Pipes hit what has become a fact of life: the transformation of the Core course into a multimedia extravaganza. After watching the far-off song and dance of Harvard's hottest star professors, the bright lights and big names have all blurred the Core into some intellectual imitation of MTV--with the depth and sincerity to match.

Unfortunately, for students dissatisfied with large class sizes, the Core offers very few alternatives to the "Monster Cores." The best courses (according to the CUE Guide) and the easiest (according to Crimson editors) are consistently huge.

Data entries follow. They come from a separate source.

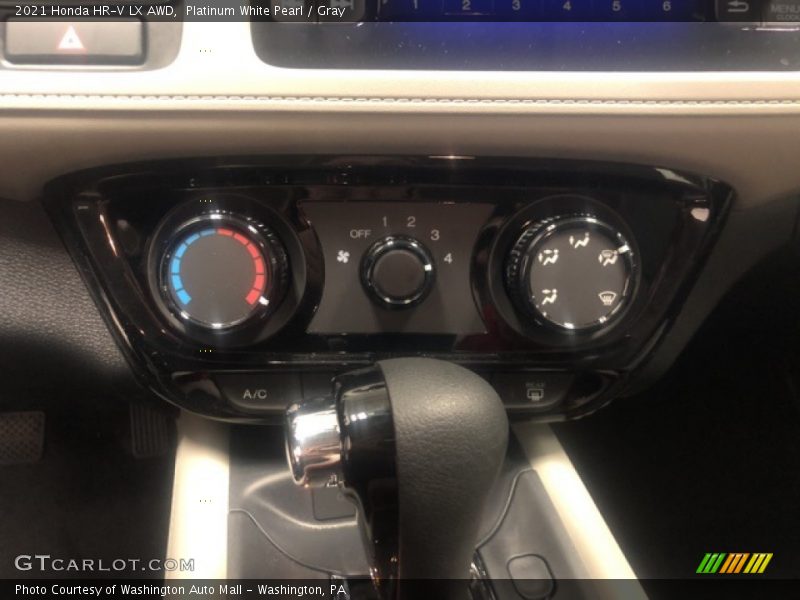 Platinum White Pearl / Gray 2021 Honda HR-V LX AWD
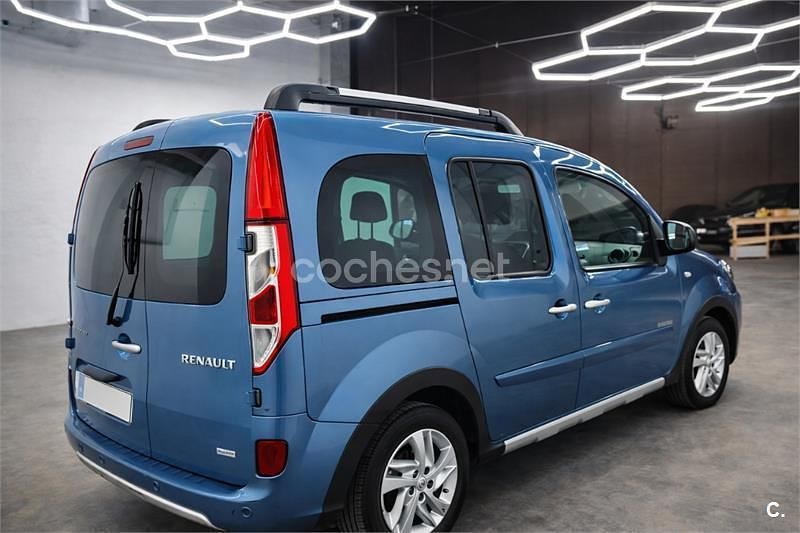 Usado Renault Kangoo SE 110 CV (80 kW) 2016 Azul Monovolumen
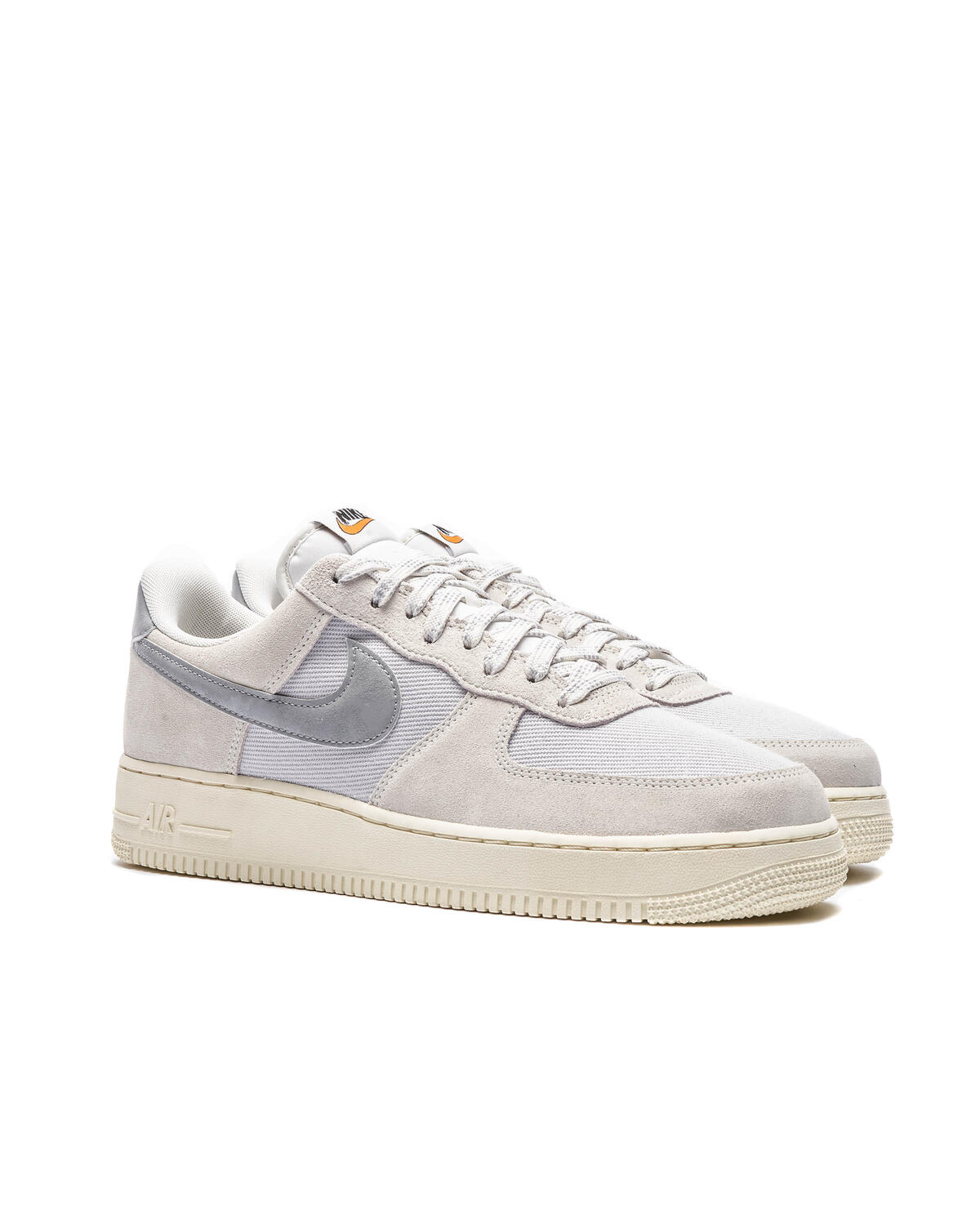 Men's Nike Air Force 1 '07 LV8 Shoes 9.5 Sail/Smoke Grey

Thus, these students are forced to endure the inaccessibility of the professor, the bureaucracy of sectioning, the personal quirks of the teaching fellow army, and the inevitable race for the Coop's inadequate book supply.

THE Core's problem is not large courses; large, popular courses exist at all universities. But the Core forces students into large courses by offering no other alternatives, as if subjecting us to inescapable hours of MTV re-runs (Help!, Michael Jackson, and Michael Sandel--All Day, All Night, On MTV).

While some professors, like Henry Rosovsky (the architect of the Core Curriculm), claim that there is no correlation between class size and educational quality, students do not have the freedom of choice to test that contention. The large size of the Core has become an inescapable element of Harvard's undergraduate education.

The most obvious solution to this dilemma is to increase the number of Core course offerings--a proposition that has received the support of Dean Michael A. Spence but seen little actual progress within the Core program.

Unfortunately, the Core's bureaucracy makes additional offerings extremely difficult. In order to offer an additional Core, a professor must submit to a tedious petitioning process. Then, once accepted, the professor faces additional logistical problems of preparing for the "masses."

Perhaps a more lasting solution would be to require senior faculties to participate more actively in the Core. While 95 percent of all Core courses are taught by senior faculty, less than 50 percent of senior faculty actually teach a Core.

Of course, this proposition "steals" professors away from other courses. But if the Faculty feels that the Core is the foundation of a liberal arts education, then it should back up that commitment with the necessary facilities and teaching time to provide a real education. Otherwise, the Core could be replaced by cable and VJ Dweezil Zappa.